Yesterday the Lord Chief Justice, Lord Phillips of Worth Matravers, gave a speech to the Oxford University Centre for Criminology. It was entitled "Alternatives to Custody-The Case for Community Sentencing. It's unlikely to be published widely.
This morning, the Human Rights Act is under a further sustained attack by the tabloids as the result of the decision on the Afghans-no they are not hijackers they were all aquitted of those offences-by Mr Justice Sullivan. Added to that was the report by the Chief Inspector of Probation, Andrew Bridges, into the release by the Parole Board of Anthony Rice.
The Parole Board have an immensely difficult task. But it has been suggested that the decision was
" exacerbated by two instances where parole and probation staff had allowed human rights considerations to undermine the importance of public protection."

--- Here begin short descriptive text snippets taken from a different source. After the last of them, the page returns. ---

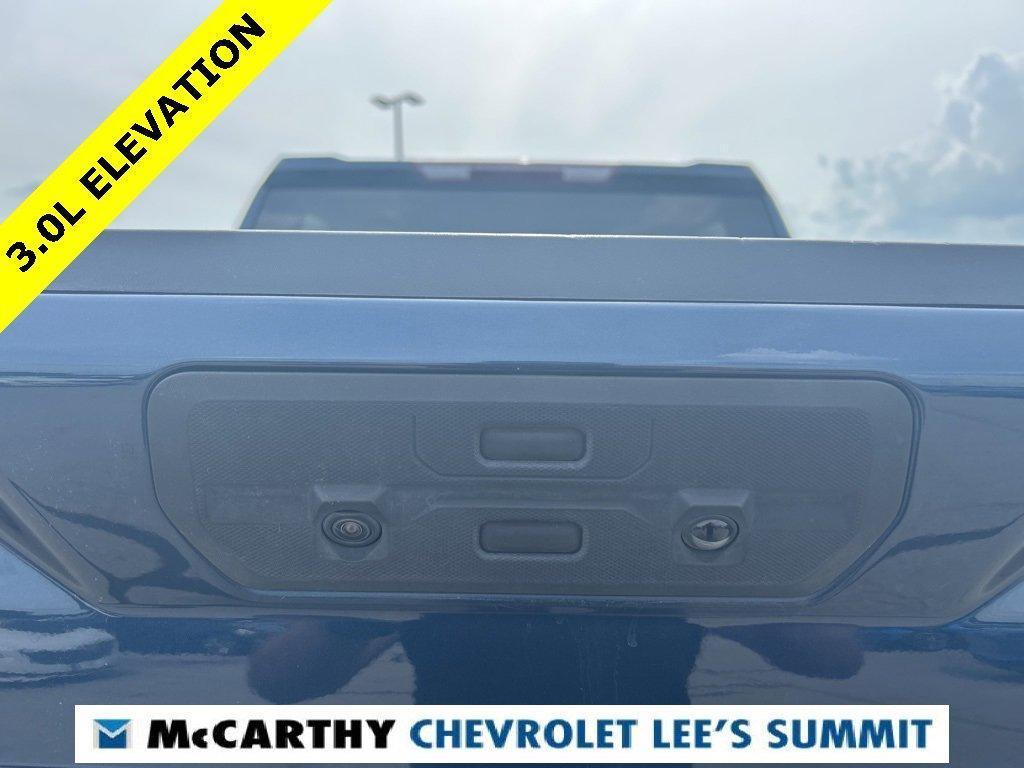 used 2021 GMC Sierra 1500 car, priced at $33,900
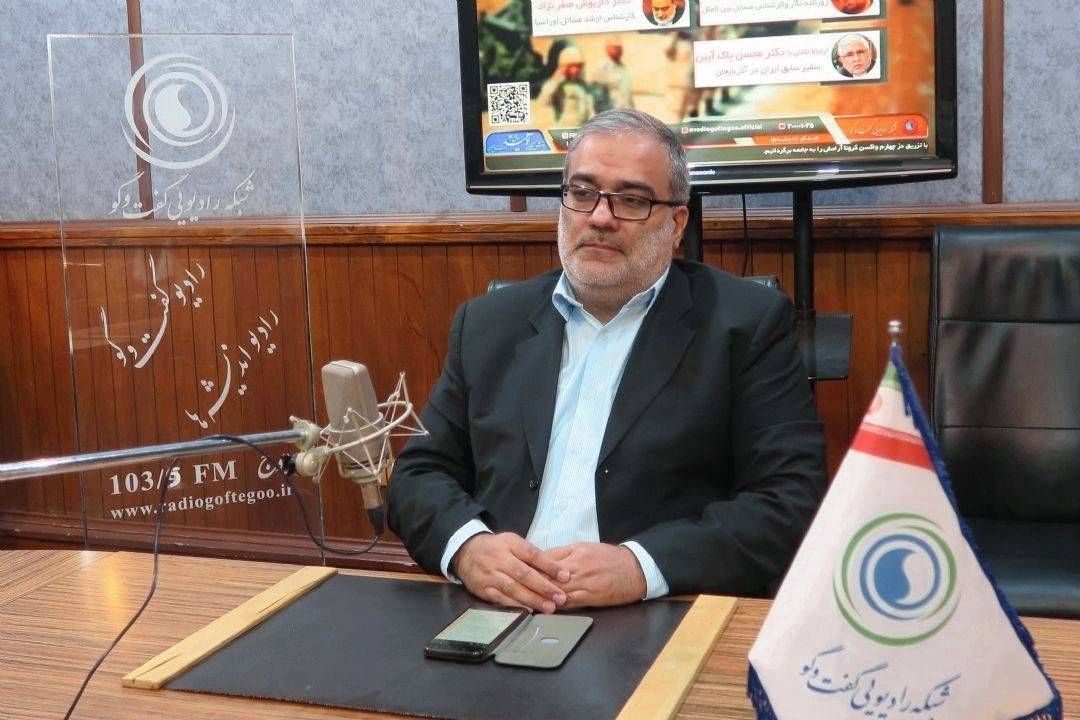  اتحادیه اوراسیا بازاری بزرگ برای كالاهای ایرانی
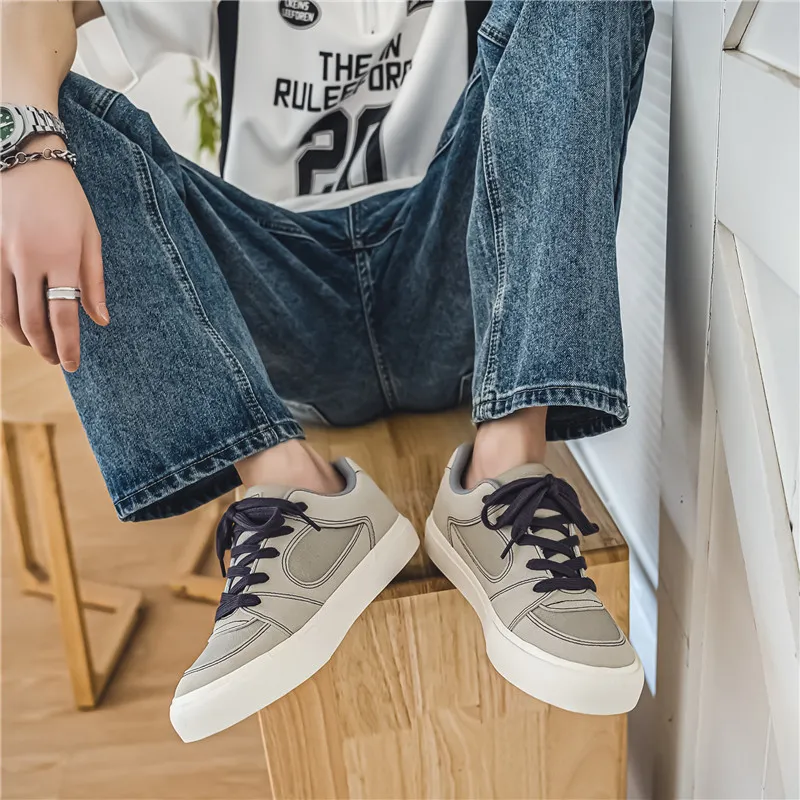 Colorful Creations Canvas Shoes Men's Box-3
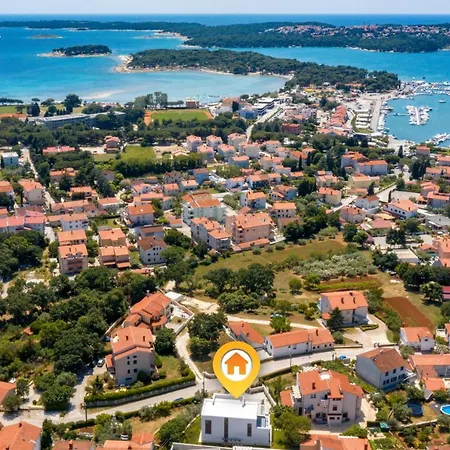 Suenos - New & Modern - 2023 Villa Medulin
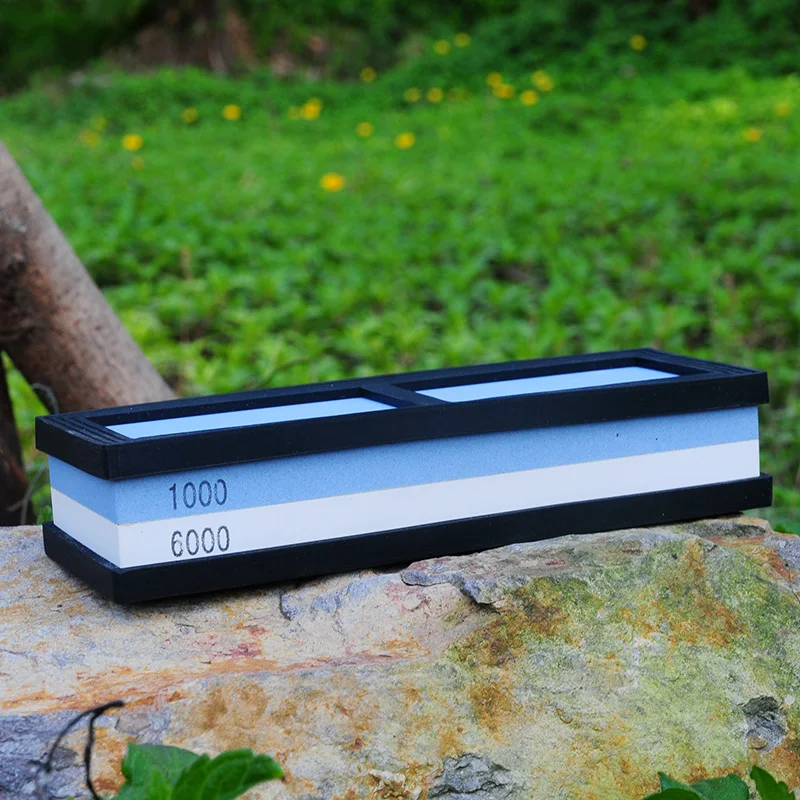 RSCHEF 400/1000/3000/8000 Грит нож точилка для ножей, точильный камень для ножей, точильный камень шлифовальный инструмент точильный камень заточки с неприлипающим покрытием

Balancing individual Human Rights against public protection has always been, even before the introduction of the Human Rights Act, a difficult exercise. And clearly something went wrong with the decision to release Rice, but to put this forward as Bridges did, as part of the Board's error, is incomprehensible.
"He particularly criticised the presence of a barrister pressing for the prisoner's release at the parole board hearing" (source)
I wonder just what Rice's legal representative was supposed to be doing if not advocating his client's case. Not to do so would have been a most serious breach of a barrister's professional duty to a client.
Anyway, back to the Lord Chief Justice.
He concluded his lecture with this;
"My first ten years at the Bar were spent in Admiralty practice, where my staple diet was salvage. Alternatives to custody involve another kind of salvage.
I believe that the exercise is enormously worth while in the interests of all of us and I commend it to you.
This is a public lecture. It may be reported. If so, I would like to think that it will be reported fairly. That would, I must accept, be something of a novelty.
Last autumn the Sentencing Guidelines Council, which I chair, published draft guidelines in respect of robbery. These stated that the starting point in relation to robbery should almost always be a custodial sentence – a long one where serious violence or injury was involved. There was one exception to this, in the case of young first offenders using minimal force or threat of force. This earned me the headline in one tabloid, in letters an inch high, RIDICULOUS followed by ‘Muggers must not be sent to prison says our new Lord Chief Justice’
This evening I have not been talking about serious or violent criminals.
I have been talking about the large number of inadequate or damaged members of society for whom minor criminality is the only way of life they know. Short spells of imprisonment followed by re-offending is an expensive and ineffective way of dealing with these. Meaningful punishment in the community, coupled with a proper programme of rehabilitation, properly resourced and managed, must be the better option."
Andrew Keogh, a most experienced criminal defence solicitor commented on the speech:
"Anyone experienced in the daily diet of misery that comes before the lower courts day in, day out, will take some comfort from the sentiments expressed; one can only hope that magistrates' (and some Judges), still often obsessed with the preceived effectiveness of short custodial sentences, will take note. It would appear that the failings of community sentences are probable due to inadequate resources - if that is correct it seems a folly to try and correct the situation with a more expensive prison option."
Even though Home Office research has shown this to be true, I somehow can't see "Dr" John Reid, our new Home Secretary, expressing these sentiments.